I watch the funeral and cremation of Thich Nhat Hanh. He transitioned this week, January 22, 2022, at Từ Hiếu Temple in Huế, Vietnam where he was ordained a monk in 1942. I was introduced to his work through Daniel Berrigan who also put in our hands as seminarians, the rule of Nat Hanh’s Tien Hiep order. It was the embodiment of what he termed “engaged Buddhism” and Daniel had shared and studied it with a group of prisoners at Danbury during is own incarceration. As I remember the first rule it was: We will not make an idol of any principle or discipline, including this one.” I also memorized Dan’s long poem, “A Letter to Vietnamese Prisoners,” which was surely conveyed hence via the monk in his Paris community. During Holy Week in 1974 the two of them sat for conversations which were transcribed into a book, The Raft is Not the Shore (Harper/Orbis). What follows I the first book review I ever had published. I believe the book is organized concentrically, with a chapter on “Self-Immolation” at the center. There were a number of them here in the U.S., Norman Morrison, Alice Hertz (on Jefferson Avenue here in Detroit), and the young Catholic Worker, Roger LaPorte whose death played a role in Dan’s conscientious formation.

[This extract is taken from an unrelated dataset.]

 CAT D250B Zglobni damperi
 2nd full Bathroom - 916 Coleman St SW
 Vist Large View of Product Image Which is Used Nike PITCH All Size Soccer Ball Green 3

Raft in the War: Eucharistic Conversations in a Bad Time
Sojourners Magazine October 1978
It is perhaps scandalous to suggest that evangelical Protestants would attend carefully to the conversations of a Catholic priest and a Buddhist monk. But perhaps this book, The Raft is Not the Shore, is itself the scandal. A scandal, one hopes, in keeping with the gospel truth.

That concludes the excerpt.